Available data:
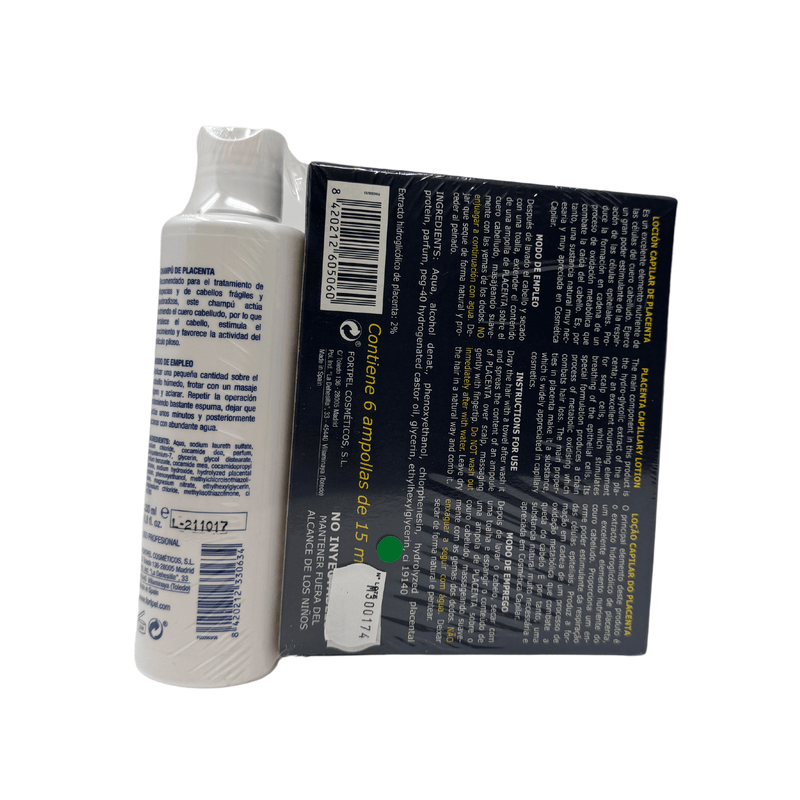 Placenta pack capilar 6 ampollas 15 ml champú 200 ml
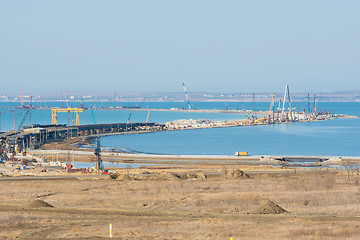 Image showing Taman, Russia - November 5, 2016: Construction of a bridge across the Kerch Strait, view the construction of the part of the Taman peninsula, as of November 2016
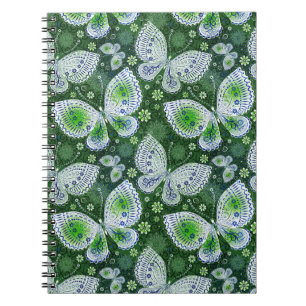 Caderno Espiral Impressão Verde de Borboleta de Paisley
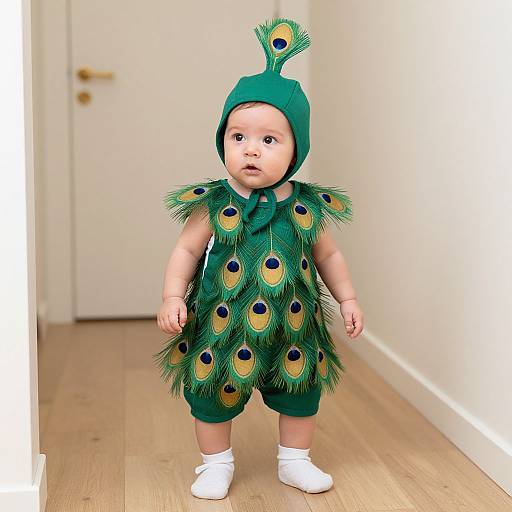 Photograph of a baby in a peacock costume with green hood, peacock feather pattern, and white socks standing on wooden floor.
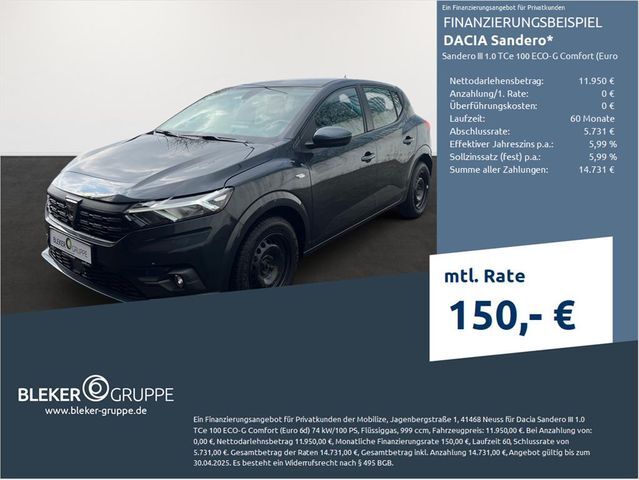 Dacia Sandero III 1.0 TCe 100 ECO-G Comfort (Euro 6d)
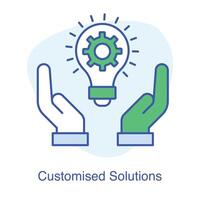 Innovation at Your Fingertips. Customized Solutions Unleashed. Vector Editable Stroke Icons,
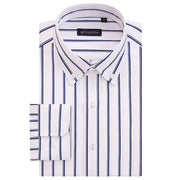 Men's Striped Long Sleeve Elegant Dress Shirt Bamboo Fiber Without Pocket Standard Fit Casual Button Down Male Business Shirts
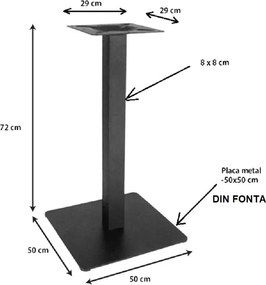 Picioare metalice din ,pentru masa 80x80 cm,negru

Problem description: Please restate the material above line by line, exactly, beginning at its first line and ending with the line that contains "Photograph of a", without any pictures.

Response to the exercise:
 Placenta pack capilar 6 ampollas 15 ml champú 200 ml
 Image showing Taman, Russia - November 5, 2016: Construction of a bridge across the Kerch Strait, view the construction of the part of the Taman peninsula, as of November 2016
 Caderno Espiral Impressão Verde de Borboleta de Paisley
 Photograph of a baby in a peacock costume with green hood, peacock feather pattern, and white socks standing on wooden floor.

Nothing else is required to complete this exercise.